● Task goal
Could you print all the entries exactly?

● Data
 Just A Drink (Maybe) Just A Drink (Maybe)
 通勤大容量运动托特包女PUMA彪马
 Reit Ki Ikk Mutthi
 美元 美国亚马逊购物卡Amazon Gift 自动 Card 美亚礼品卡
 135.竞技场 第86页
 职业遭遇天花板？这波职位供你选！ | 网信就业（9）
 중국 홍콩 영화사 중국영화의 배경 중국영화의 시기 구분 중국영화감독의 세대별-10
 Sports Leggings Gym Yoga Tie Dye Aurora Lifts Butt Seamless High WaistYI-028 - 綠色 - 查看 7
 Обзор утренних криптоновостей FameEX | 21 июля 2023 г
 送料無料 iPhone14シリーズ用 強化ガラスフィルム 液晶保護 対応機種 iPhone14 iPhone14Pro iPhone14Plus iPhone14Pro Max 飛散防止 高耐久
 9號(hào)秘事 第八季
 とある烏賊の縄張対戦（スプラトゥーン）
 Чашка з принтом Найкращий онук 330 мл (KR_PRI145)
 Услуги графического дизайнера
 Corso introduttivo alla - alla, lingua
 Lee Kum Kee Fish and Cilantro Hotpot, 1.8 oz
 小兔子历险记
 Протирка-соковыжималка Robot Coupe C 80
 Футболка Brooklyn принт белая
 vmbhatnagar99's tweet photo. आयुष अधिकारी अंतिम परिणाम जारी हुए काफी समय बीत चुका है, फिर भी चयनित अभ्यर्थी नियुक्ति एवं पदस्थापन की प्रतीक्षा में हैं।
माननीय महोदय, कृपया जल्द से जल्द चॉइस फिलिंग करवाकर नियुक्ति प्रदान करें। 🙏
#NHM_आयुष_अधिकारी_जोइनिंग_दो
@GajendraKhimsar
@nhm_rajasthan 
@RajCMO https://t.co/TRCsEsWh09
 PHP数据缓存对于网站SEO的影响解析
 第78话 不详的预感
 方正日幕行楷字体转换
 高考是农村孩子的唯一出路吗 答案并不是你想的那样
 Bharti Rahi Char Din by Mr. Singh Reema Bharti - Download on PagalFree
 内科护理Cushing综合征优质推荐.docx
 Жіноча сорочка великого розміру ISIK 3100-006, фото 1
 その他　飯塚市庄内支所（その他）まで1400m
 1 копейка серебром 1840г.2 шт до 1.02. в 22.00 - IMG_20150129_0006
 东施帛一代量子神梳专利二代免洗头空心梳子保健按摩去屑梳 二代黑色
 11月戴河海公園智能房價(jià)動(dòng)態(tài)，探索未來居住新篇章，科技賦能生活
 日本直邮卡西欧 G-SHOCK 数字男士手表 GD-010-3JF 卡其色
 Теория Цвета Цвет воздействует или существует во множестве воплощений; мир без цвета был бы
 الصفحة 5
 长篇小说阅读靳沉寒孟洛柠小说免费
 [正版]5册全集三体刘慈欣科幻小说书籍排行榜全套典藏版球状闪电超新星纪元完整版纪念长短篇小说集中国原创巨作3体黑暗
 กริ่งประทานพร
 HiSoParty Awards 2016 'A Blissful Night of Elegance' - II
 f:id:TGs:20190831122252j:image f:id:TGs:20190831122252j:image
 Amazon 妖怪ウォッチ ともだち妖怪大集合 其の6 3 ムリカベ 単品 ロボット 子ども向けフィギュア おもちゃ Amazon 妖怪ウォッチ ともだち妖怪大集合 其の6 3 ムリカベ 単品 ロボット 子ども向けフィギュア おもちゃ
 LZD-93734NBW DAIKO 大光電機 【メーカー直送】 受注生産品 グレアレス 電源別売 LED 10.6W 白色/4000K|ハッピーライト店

● Solution for this problem
 Just A Drink (Maybe) Just A Drink (Maybe)
 通勤大容量运动托特包女PUMA彪马
 Reit Ki Ikk Mutthi
 美元 美国亚马逊购物卡Amazon Gift 自动 Card 美亚礼品卡
 135.竞技场 第86页
 职业遭遇天花板？这波职位供你选！ | 网信就业（9）
 중국 홍콩 영화사 중국영화의 배경 중국영화의 시기 구분 중국영화감독의 세대별-10
 Sports Leggings Gym Yoga Tie Dye Aurora Lifts Butt Seamless High WaistYI-028 - 綠色 - 查看 7
 Обзор утренних криптоновостей FameEX | 21 июля 2023 г
 送料無料 iPhone14シリーズ用 強化ガラスフィルム 液晶保護 対応機種 iPhone14 iPhone14Pro iPhone14Plus iPhone14Pro Max 飛散防止 高耐久
 9號(hào)秘事 第八季
 とある烏賊の縄張対戦（スプラトゥーン）
 Чашка з принтом Найкращий онук 330 мл (KR_PRI145)
 Услуги графического дизайнера
 Corso introduttivo alla - alla, lingua
 Lee Kum Kee Fish and Cilantro Hotpot, 1.8 oz
 小兔子历险记
 Протирка-соковыжималка Robot Coupe C 80
 Футболка Brooklyn принт белая
 vmbhatnagar99's tweet photo. आयुष अधिकारी अंतिम परिणाम जारी हुए काफी समय बीत चुका है, फिर भी चयनित अभ्यर्थी नियुक्ति एवं पदस्थापन की प्रतीक्षा में हैं।
माननीय महोदय, कृपया जल्द से जल्द चॉइस फिलिंग करवाकर नियुक्ति प्रदान करें। 🙏
#NHM_आयुष_अधिकारी_जोइनिंग_दो
@GajendraKhimsar
@nhm_rajasthan 
@RajCMO https://t.co/TRCsEsWh09
 PHP数据缓存对于网站SEO的影响解析
 第78话 不详的预感
 方正日幕行楷字体转换
 高考是农村孩子的唯一出路吗 答案并不是你想的那样
 Bharti Rahi Char Din by Mr. Singh Reema Bharti - Download on PagalFree
 内科护理Cushing综合征优质推荐.docx
 Жіноча сорочка великого розміру ISIK 3100-006, фото 1
 その他　飯塚市庄内支所（その他）まで1400m
 1 копейка серебром 1840г.2 шт до 1.02. в 22.00 - IMG_20150129_0006
 东施帛一代量子神梳专利二代免洗头空心梳子保健按摩去屑梳 二代黑色
 11月戴河海公園智能房價(jià)動(dòng)態(tài)，探索未來居住新篇章，科技賦能生活
 日本直邮卡西欧 G-SHOCK 数字男士手表 GD-010-3JF 卡其色
 Теория Цвета Цвет воздействует или существует во множестве воплощений; мир без цвета был бы
 الصفحة 5
 长篇小说阅读靳沉寒孟洛柠小说免费
 [正版]5册全集三体刘慈欣科幻小说书籍排行榜全套典藏版球状闪电超新星纪元完整版纪念长短篇小说集中国原创巨作3体黑暗
 กริ่งประทานพร
 HiSoParty Awards 2016 'A Blissful Night of Elegance' - II
 f:id:TGs:20190831122252j:image f:id:TGs:20190831122252j:image
 Amazon 妖怪ウォッチ ともだち妖怪大集合 其の6 3 ムリカベ 単品 ロボット 子ども向けフィギュア おもちゃ Amazon 妖怪ウォッチ ともだち妖怪大集合 其の6 3 ムリカベ 単品 ロボット 子ども向けフィギュア おもちゃ
 LZD-93734NBW DAIKO 大光電機 【メーカー直送】 受注生産品 グレアレス 電源別売 LED 10.6W 白色/4000K|ハッピーライト店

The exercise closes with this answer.